Assez tergiversé, répétez après moi : « L’électro est bon et respire le modernisme ». Autant le prendre bras ouvert, lourd et dense, cracheur et indécent, porteur d’une dope extra-auditive que le titanesque Thavius Beck arrive à ingérer et à digérer, sans effet secondaire et sous contrôle d’un expert.

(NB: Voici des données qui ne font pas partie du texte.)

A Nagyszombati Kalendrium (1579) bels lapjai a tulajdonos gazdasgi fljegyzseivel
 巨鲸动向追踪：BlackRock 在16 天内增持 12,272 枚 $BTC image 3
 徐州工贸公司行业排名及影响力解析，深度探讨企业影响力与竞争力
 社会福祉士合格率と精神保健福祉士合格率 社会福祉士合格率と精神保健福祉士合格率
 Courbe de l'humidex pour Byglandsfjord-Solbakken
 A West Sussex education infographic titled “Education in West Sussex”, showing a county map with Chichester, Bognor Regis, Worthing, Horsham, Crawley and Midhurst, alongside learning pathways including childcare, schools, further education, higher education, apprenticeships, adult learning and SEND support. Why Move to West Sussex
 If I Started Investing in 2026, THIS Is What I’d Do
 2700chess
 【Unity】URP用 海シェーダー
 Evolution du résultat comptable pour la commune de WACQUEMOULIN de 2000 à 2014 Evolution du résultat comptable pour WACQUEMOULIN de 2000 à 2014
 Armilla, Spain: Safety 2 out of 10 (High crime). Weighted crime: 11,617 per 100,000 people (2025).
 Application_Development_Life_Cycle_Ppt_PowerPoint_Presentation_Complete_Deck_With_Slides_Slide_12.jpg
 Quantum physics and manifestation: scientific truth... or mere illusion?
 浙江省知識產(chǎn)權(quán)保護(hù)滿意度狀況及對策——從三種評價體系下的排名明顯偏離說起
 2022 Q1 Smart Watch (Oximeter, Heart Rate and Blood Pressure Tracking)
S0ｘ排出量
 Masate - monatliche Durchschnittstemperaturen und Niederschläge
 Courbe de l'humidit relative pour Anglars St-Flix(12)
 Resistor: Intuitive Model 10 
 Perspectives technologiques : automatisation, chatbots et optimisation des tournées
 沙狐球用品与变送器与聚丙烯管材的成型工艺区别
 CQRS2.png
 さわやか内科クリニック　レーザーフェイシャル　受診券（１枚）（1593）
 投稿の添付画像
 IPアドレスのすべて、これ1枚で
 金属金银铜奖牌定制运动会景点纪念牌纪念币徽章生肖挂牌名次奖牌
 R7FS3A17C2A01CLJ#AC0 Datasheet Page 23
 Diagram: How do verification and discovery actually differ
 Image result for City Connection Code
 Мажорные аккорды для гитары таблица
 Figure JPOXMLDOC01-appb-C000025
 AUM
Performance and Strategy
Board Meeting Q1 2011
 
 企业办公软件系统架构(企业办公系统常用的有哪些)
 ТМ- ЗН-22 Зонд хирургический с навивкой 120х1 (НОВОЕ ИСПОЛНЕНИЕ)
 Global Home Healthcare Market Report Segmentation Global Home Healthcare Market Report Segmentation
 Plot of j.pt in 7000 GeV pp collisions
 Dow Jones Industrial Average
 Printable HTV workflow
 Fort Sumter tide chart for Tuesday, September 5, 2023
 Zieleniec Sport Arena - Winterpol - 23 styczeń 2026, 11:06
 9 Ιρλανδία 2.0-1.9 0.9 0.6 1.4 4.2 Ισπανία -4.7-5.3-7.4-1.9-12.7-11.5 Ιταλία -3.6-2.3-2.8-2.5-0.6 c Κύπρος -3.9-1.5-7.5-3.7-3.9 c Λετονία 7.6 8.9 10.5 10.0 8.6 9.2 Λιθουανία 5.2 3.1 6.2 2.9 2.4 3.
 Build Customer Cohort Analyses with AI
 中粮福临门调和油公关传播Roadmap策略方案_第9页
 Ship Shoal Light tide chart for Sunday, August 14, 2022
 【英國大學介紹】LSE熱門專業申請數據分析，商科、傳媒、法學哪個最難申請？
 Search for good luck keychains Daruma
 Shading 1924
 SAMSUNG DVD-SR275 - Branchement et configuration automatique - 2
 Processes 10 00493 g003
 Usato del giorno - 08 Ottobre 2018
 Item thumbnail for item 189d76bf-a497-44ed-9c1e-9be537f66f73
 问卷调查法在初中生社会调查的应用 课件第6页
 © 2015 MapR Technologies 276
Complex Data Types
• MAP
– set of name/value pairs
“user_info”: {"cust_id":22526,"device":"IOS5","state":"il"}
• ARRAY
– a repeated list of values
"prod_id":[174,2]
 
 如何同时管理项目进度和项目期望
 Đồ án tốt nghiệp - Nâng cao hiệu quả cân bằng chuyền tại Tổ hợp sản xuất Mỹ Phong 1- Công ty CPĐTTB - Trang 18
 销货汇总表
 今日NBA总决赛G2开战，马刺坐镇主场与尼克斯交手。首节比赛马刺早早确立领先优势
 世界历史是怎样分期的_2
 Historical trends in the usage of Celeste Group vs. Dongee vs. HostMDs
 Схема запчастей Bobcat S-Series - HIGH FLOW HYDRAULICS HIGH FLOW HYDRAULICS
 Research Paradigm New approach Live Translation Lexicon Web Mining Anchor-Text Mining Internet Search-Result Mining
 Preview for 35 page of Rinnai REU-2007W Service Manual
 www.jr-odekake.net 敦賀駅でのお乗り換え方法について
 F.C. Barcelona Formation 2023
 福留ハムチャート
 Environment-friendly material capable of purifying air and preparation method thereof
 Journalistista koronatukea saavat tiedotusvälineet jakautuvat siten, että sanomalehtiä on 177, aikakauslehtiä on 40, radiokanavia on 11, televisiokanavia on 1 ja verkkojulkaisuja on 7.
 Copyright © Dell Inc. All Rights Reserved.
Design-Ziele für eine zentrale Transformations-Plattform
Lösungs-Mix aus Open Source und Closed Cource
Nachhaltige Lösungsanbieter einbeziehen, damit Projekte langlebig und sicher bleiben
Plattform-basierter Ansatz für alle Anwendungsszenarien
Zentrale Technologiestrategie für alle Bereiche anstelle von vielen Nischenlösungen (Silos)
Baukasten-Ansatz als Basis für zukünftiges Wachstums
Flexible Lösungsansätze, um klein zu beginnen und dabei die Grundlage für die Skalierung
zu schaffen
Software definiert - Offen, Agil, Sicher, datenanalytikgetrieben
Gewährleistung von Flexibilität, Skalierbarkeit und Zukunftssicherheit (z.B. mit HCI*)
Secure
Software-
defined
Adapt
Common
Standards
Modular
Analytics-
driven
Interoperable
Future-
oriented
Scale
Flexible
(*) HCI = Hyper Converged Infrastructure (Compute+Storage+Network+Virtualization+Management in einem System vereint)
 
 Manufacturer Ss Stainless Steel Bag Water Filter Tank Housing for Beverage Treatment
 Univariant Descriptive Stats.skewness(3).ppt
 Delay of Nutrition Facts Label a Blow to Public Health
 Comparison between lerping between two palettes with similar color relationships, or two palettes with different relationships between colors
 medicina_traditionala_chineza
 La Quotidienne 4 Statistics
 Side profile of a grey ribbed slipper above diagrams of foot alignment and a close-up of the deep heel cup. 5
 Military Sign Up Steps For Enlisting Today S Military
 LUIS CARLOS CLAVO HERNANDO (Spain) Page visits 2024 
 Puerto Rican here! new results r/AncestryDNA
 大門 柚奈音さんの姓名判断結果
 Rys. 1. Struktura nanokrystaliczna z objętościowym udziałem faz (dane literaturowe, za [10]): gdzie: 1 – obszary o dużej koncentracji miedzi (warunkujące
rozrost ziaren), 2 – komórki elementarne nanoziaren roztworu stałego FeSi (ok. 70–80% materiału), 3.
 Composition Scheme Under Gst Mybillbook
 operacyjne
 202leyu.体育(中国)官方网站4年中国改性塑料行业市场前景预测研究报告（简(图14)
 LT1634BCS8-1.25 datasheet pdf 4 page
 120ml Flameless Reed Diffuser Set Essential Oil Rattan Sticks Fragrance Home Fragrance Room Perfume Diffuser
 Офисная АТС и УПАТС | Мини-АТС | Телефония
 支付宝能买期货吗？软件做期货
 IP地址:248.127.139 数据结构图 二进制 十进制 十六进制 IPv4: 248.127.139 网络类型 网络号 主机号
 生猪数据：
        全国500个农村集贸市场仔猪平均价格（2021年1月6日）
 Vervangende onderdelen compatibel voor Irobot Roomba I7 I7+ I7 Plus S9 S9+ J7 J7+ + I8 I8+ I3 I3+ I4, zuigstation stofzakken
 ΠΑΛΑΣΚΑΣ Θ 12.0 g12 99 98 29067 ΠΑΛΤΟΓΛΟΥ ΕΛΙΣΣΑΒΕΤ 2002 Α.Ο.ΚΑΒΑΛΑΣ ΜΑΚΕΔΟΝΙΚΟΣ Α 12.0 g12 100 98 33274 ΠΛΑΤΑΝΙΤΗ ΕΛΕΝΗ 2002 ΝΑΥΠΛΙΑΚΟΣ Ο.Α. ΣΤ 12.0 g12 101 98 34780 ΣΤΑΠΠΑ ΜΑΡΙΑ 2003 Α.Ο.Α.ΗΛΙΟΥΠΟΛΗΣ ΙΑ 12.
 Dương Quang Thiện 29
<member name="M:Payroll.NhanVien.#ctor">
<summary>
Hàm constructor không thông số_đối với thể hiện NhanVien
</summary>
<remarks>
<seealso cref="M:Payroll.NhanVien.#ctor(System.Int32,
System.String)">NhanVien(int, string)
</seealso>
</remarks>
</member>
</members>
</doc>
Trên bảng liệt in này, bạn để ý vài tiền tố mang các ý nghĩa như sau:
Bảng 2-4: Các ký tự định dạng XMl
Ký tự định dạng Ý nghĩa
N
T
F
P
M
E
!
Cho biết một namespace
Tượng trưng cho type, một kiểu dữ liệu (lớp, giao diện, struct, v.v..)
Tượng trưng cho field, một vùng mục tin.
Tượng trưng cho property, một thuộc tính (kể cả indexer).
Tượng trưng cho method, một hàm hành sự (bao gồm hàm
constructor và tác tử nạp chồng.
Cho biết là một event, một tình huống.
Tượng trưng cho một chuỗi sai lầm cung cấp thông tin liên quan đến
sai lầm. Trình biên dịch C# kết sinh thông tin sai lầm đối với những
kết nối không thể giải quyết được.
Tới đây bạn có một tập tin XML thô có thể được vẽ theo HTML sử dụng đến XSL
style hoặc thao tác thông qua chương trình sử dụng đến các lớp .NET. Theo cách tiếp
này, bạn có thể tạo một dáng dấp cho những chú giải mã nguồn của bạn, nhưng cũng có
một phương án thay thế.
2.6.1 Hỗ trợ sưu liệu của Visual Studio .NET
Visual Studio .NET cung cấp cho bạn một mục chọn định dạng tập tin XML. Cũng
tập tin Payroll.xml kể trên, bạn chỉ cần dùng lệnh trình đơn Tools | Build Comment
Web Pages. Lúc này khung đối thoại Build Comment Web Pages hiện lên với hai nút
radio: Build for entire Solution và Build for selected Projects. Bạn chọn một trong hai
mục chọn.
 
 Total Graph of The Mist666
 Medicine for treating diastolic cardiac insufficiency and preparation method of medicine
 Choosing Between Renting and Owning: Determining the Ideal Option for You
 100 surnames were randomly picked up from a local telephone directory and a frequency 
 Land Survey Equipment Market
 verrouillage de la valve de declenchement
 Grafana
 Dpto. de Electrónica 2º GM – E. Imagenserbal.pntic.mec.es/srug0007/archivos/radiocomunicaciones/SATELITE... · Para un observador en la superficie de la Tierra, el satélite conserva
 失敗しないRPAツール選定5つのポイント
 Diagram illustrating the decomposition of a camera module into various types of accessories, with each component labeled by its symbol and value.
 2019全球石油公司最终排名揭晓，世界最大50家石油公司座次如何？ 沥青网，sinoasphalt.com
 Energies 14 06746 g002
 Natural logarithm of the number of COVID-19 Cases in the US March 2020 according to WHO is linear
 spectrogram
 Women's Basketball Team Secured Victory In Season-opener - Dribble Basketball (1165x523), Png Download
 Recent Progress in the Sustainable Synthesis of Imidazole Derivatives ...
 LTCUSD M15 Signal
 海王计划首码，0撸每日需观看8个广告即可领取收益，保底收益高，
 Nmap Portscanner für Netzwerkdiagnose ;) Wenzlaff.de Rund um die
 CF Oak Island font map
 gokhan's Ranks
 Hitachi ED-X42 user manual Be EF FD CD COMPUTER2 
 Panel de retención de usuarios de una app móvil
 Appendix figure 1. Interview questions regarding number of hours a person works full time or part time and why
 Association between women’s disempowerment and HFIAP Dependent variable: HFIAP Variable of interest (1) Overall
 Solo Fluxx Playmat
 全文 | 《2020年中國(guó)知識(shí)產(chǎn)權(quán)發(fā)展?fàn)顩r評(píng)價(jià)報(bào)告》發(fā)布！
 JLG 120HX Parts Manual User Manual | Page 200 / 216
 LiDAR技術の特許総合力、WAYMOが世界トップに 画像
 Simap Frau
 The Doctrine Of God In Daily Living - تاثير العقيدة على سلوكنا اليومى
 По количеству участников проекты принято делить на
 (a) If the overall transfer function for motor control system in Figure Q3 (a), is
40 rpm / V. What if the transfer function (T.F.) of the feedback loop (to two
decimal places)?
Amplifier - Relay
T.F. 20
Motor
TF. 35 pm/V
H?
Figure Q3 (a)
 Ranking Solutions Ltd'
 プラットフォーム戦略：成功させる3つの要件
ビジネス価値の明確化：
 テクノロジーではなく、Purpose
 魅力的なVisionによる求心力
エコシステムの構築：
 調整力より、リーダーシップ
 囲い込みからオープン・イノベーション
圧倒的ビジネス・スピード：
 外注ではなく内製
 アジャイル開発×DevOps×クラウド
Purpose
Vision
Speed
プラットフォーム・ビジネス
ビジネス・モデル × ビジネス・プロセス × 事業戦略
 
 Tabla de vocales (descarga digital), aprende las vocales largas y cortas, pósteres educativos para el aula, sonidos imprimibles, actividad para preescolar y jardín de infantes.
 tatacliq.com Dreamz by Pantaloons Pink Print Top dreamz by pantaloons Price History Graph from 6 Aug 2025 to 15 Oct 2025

Avec ces trous nasaux et sa coupe où 100 peignes pourraient bavarder, Thavius à déjà côtoyé de grands hommes dans l’élaboration de ses œuvres, de Trent Reznor (NIN) à Nas. En tant que musicien et producteur, il est partout là où on ne l’attend pas, caché et déchaîné, dans la composition de musique de film, de remixes, de collectif d’artistes (Global Phlowtations) et d’albums solos dont le premier ‘Decomposition’ (2004) libère une conception qui limite l’étouffement sonore : il pose du rap sur l’électro et non l’inverse. Subtile nuance quand on connait la « musique des jeunes d’aujourd’hui », paroles de patriarches. Sous ces allures de gros dur, on est surpris d’entendre qu’il scratche avant tout sa mélancolie. Il associe des sessions instrumentales avec des beats au flow brûlant et sans pitié. Une ambivalence qu’on peut associer à la bienveillance et à l’inspiration rêveuse de son l’acolyte, le poète et acteur Saul Williams.
Haut les cœurs, Thavius Beck réconcilie le rap avec ceux qui ne l’aime pas et désunie l’électro de ceux qui l’aime. Un choc des genres qui met au feu la dénomination incessante des étalages de disques, des critiques vides et d’une vie sans loi.